Leave every picture out and print exactly the lines that run from the one containing "Bolsa em lona para ferramentas BL 010 VONDER" to the end of the listing.

Source data
[Start of Attachment]
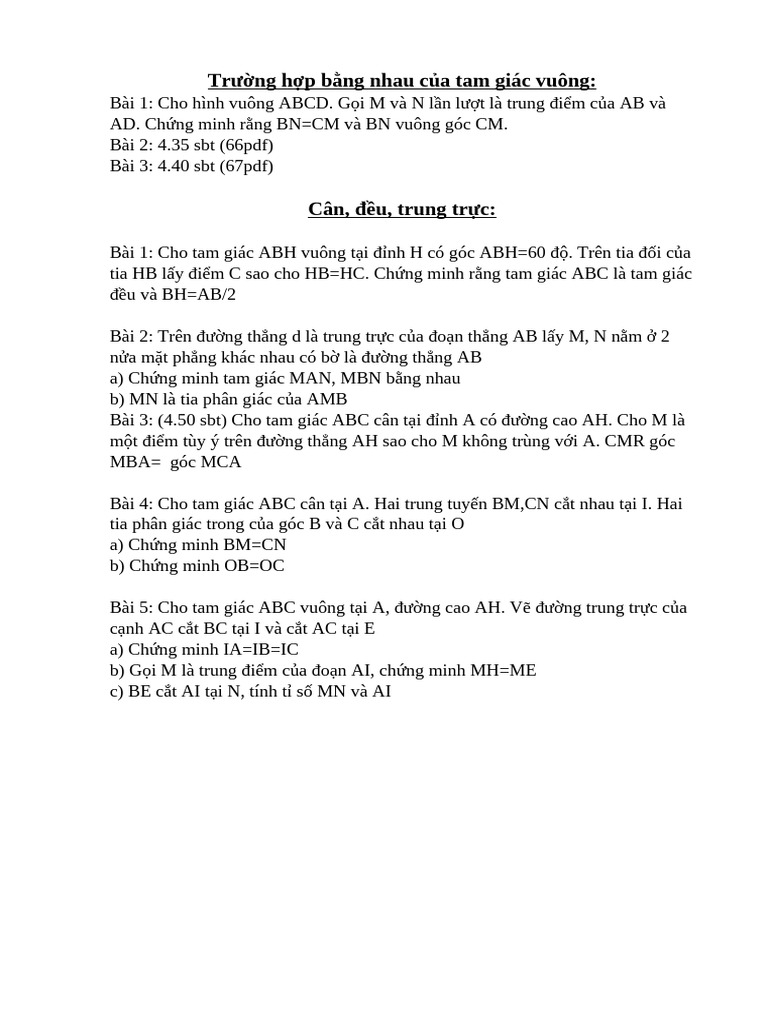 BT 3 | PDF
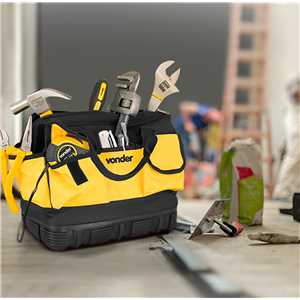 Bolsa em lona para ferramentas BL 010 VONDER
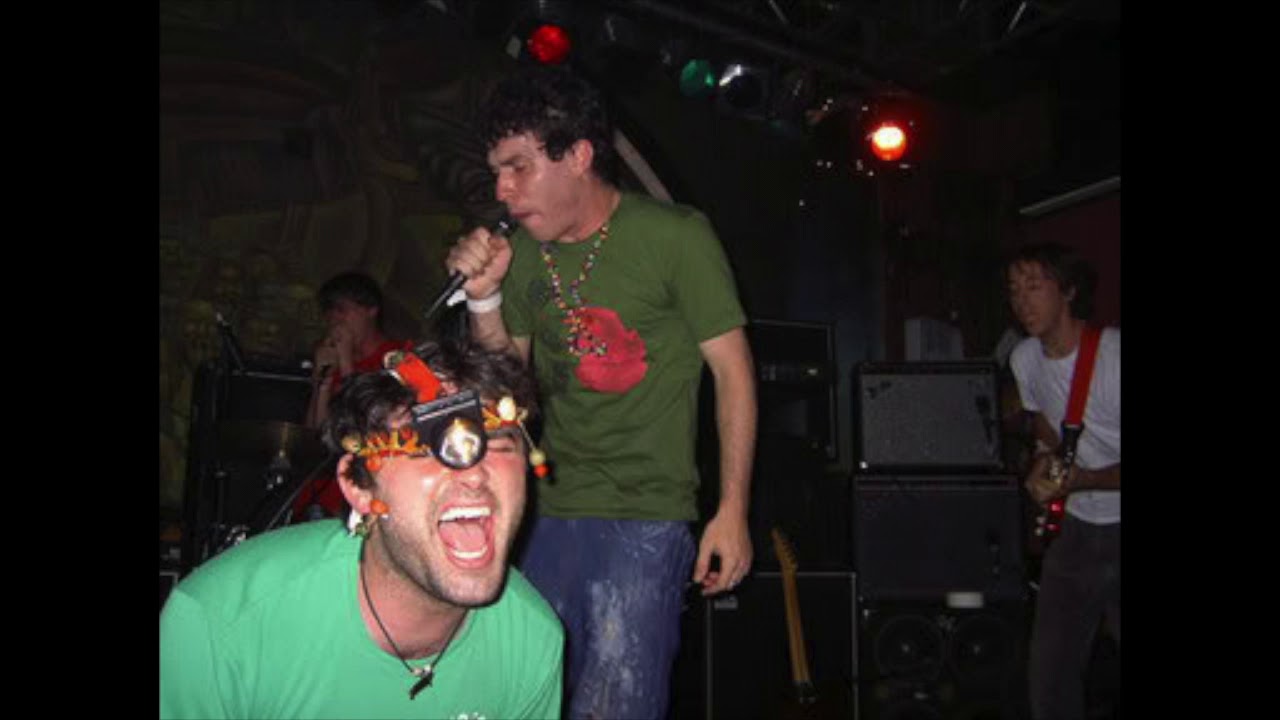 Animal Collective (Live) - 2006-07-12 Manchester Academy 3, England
[End of Attachment]
Answer below
 Bolsa em lona para ferramentas BL 010 VONDER
 Animal Collective (Live) - 2006-07-12 Manchester Academy 3, England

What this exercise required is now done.